Make, Pro or Something Else

I am just learning to use Sketchup, but I am not sure that it will do what I am looking for. I tired Googling it, but I must not be using the right terms.

I am looking to make pieces (pipe tees, elbows, electric valves, hose…) and combine them into a model. Then print out a drawing or schematic of the model with arrows to each part that referenced a bill of materials. I was also able to display some components as a wireframe so you could see the layout behind it.

In the past I thought myself how to use Solidworks, and it worked very well for this. I know longer have access to it Solidworks.

Will a Make or Pro do this, or should I keep looking?

TIA

Roger

Make should do well for all the modeling. Doing your drawings with callouts and BOM can be done with Make, but is FAR easier with Pro since Pro includes Layout - which really should be seen as the essential companion to Make when you need decent drawings without excessive effort.

Feature wise? SU Make should suffice, but Pro would add the ability to create Dynamic Components (Make include non-dynamic component creation) which might be useful to combine multiple sizes of fittings into a single component.

Suggestion: Start with PRO - and it’s 30 day free trial. Play with using Layout for documents vs doing it all within Sketchup. That will let you see the difference - and whether or not the price of PRO will be worth it for you.

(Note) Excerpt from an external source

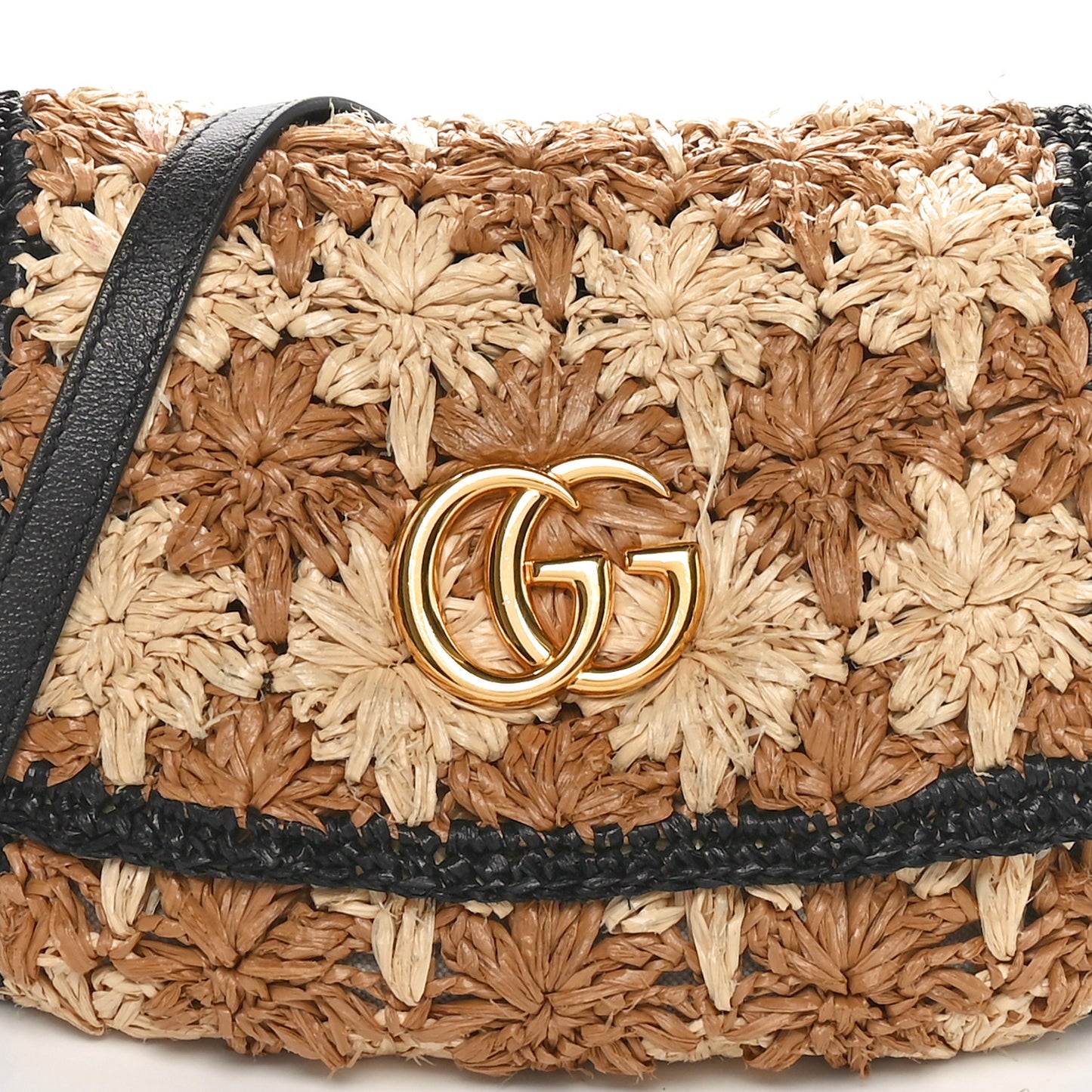 Raffia Azalea Calfskin Crochet Flower Small GG Marmont Shoulder Bag Natural Ecru Black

One caveat: If you intend ANY commercial use you’ll have to go Pro. This includes in house use for any business.

if you need volume modeling in the MCAD area incl. model to sheet, bill of material and exchange data via 3D CAD formats as STEP, SAT or IGES etc. check ViaCAD.

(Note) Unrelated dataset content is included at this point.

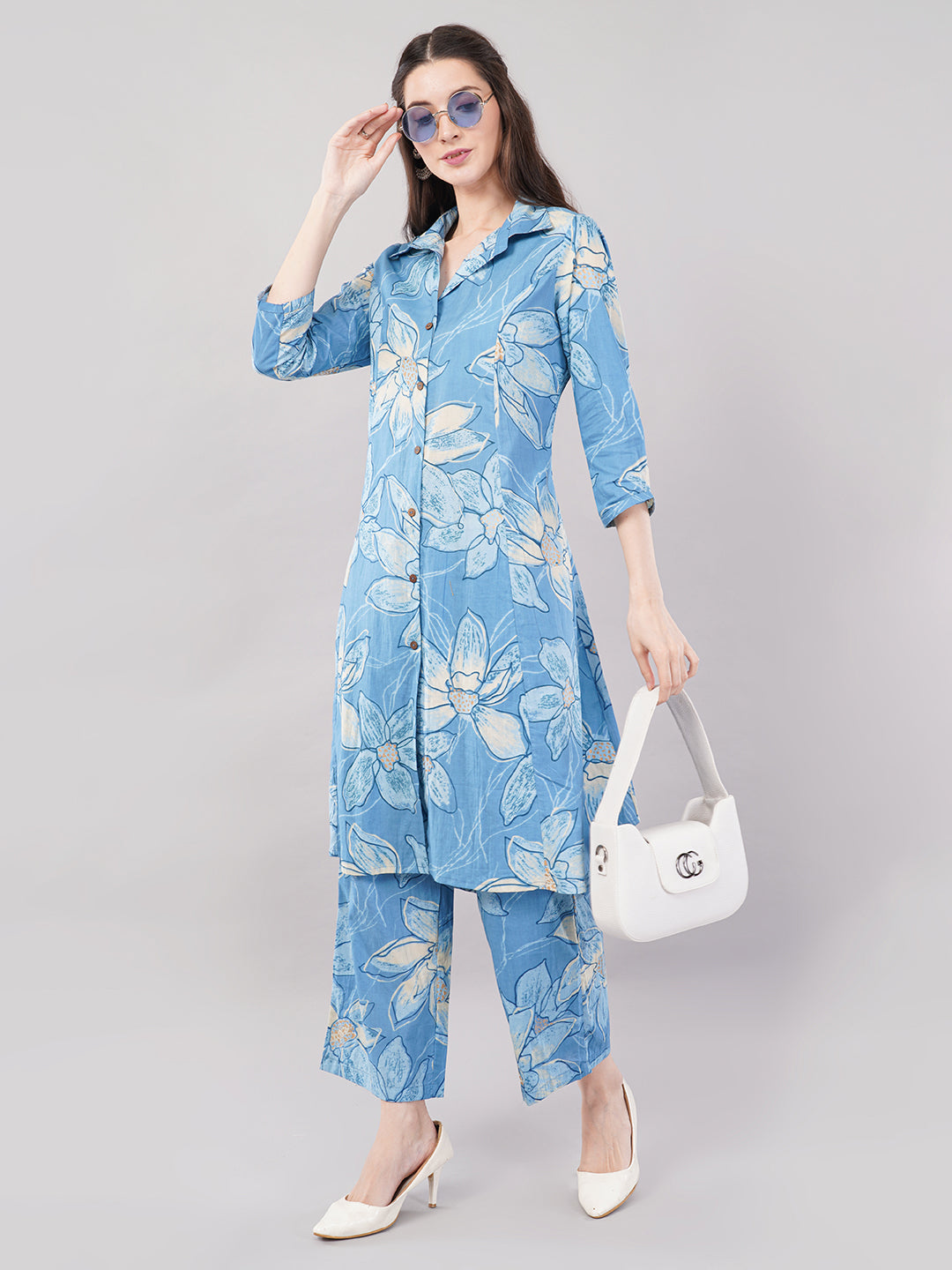 Blue Floral Printed Shirt-Style Kurta Set with Palazzos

Welcome to the forums @rvos! SketchUp is certainly capable of making the type of pieces you are describing and putting them together in a final model. There are plenty of different types of pipe components on the 3D warehouse and even a few extensions that are designed specifically to help generate pipes and provide a BOM.

If you have not already done so, try downloading SketchUp Make and play around with some of the tools and see what you can do. If you have any questions or get stuck on something, please feel free to ask on the forums, we are here to help you learn! There is also the knowledge center and official youtube channel to help you out if you want to give those a try.

In short, SketchUp can do what you want it to, but you need to be willing to spend some time learning it. Try the free version and see what you can do. Ask questions if you are stuck (I really do love helping people learn to use SketchUp). I look forward to hearing from you in the future, hopefully about a successful project.